Ahilya, a name, according to Hindu mythology, gained attraction due to allegations of extra-marital relationship with Indra. While some of the sources declare her a prey to Indra’s trickery and praise her loyalty to her husband but others condemn her adultery. Whatever may be the truth, the point to be noted is – punishment – the curse by her husband for infidelity to become stone for thousand years and another curse for Indra to lose his testicles.
A pious philosophy, underlying Section 497 IPC of not enabling the spouses to send each other to jail perhaps to save the children from this trauma, might be looking forward to move on now and seems to be stale one. Not because the current challenge in the Supreme Court, but as no such philosophy is shown to have been imbibed in other provisions which are prone to send the husband in jail at the instance of wife.
Before opening the arguments for or against adultery law in India, let us go through some more facts relating to the same context come across in professional capacity. A man came to me to pursue a divorce case against his wife on the ground of adultery. I, as usual, tried to explore the possibilities of settlement. His words, “What if she does it again?” made me speechless. Another man, different words, thereafter, “I cannot work with a fear in my mind of her unchaste behaviour” drove me towards the same sensation. Moreover, a well known murder by K.M. Nanawati in order to take revenge from his wife’s paramour is also an example which reading with the above are sufficient to form a particular image of adultery in one’s mind.
Now coming to the point, a reference may be made to the words of Prof. HLA Hart i.e. “Legal system is a system of social rules” Hence, only the rules which fit in the social framework, can survive. Those which are not socially acceptable have to be discarded. Though theories of reformation and expiation have successfully taken their places in the modern criminal justice system still deterrence is must to maintain an orderly society.
“The law seems to be pro-women but is anti-women in a grave ostensible way. As if with the consent of the husband, wife can be subjected to someone else’s desire. That’s not Indian morality.” A recent observation of the Constitutional Bench while hearing a batch of petitions seeking quashing of Section 497 IPC, certainly, seems to be logical, however, smells like the provision is in danger.
Since 1951 (Yusuf Aziz vs State of Bombay) till date, the courts have been in favour of the provision and against the view of inclusion of women within the ambit of the provision. Despite rendering the arguments that the section governing adultery is in contravention of equality clauses of the Indian Constitution, the courts kept on setting the wives apart from the ambit of the law and thereby decided in favour of the provision.
The 42nd Law Commission of India Report (1971) and the Malimath Committee on Criminal Law Reforms (2003) had already recommended to modify the law to the effect that both the erring wife and the paramour be held equally liable for adultery.
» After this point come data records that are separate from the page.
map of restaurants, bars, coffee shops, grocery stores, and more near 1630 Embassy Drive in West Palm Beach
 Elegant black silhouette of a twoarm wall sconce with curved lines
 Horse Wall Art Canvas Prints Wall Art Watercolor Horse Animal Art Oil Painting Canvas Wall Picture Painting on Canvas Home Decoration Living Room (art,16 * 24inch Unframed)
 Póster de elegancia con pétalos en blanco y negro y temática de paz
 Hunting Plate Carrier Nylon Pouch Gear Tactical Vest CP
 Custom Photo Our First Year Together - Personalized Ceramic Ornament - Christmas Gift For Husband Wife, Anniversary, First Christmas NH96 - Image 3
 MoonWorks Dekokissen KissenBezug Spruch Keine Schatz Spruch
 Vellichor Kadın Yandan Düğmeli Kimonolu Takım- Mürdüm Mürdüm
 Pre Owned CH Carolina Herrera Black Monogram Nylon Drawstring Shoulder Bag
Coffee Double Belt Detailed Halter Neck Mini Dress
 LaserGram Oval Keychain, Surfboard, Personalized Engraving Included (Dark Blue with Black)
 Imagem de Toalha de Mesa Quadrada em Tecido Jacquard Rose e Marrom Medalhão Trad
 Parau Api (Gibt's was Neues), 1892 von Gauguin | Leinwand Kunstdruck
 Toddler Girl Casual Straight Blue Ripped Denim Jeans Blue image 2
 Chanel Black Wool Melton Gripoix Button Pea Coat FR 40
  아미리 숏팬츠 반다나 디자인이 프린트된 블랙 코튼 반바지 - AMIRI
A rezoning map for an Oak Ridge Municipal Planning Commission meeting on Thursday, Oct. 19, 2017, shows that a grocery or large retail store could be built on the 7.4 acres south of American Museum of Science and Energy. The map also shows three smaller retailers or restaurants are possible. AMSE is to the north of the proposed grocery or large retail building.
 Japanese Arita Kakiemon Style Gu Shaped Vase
However, no modification or amendment has been made to this effect till date.
The question that when a paramour of the erring wife can be seen as adulterous, because of the infringement upon the sanctity of the matrimonial home, why a similar reasoning cannot be extended to an unmarried woman who wrecks the sanctity of the matrimonial home, remains unanswered by the courts.
Lord Macaulay may not have included the women within the purview of the provision considering the then social structure and prevalent male dominance. However, the current scenario is totally changed to that extent. Another angle is, by not putting women in an equally culpable position as men, a license is being given to them to commit and abet crime, is also important. Moreover, striking down the provision will further accelerate such immoral act and may cause more heinous incidents like K. M. Nanawati case.
The question is whether the law of adultery be strike down or sustained with certain modifications. If the Section is struck down from the pages of the IPC, it will again pave the way for men as a driving force to indulge in the immoral and illegal act of adultery. Striking down the provision will mean go and seduce the woman you want. The consequence being a ground for divorce only, the people will not hesitate to do so which is otherwise detrimental to the basic tenets of the Indian Culture. Therefore, considering the aforesaid discussion including the ancient Indian History, morality, professional experience, social framework and requisitions of time, change in the law is necessity. A deterrent provision for both erring wife and the paramour is need of the hour in order to maintain the balance in the society. Incorporation of recommendations of the 42nd Law Commission of India Report (1971) and the Malimath Committee on Criminal Law Reforms (2003) will certainly serve the purpose.
While advocating the aforesaid view, touching one more aspect is equally important. One collateral modification in Section 198(2) of CrPC is also required. As per this Section the husband is only “aggrieved party”. In other words, the husband of erring wife is victim of the crime and he is the only person who can prosecute the paramour through a court complaint. However, a woman whose husband has been indulged in adultery should also be termed as “aggrieved party” and then only the even handed justice can be meted out.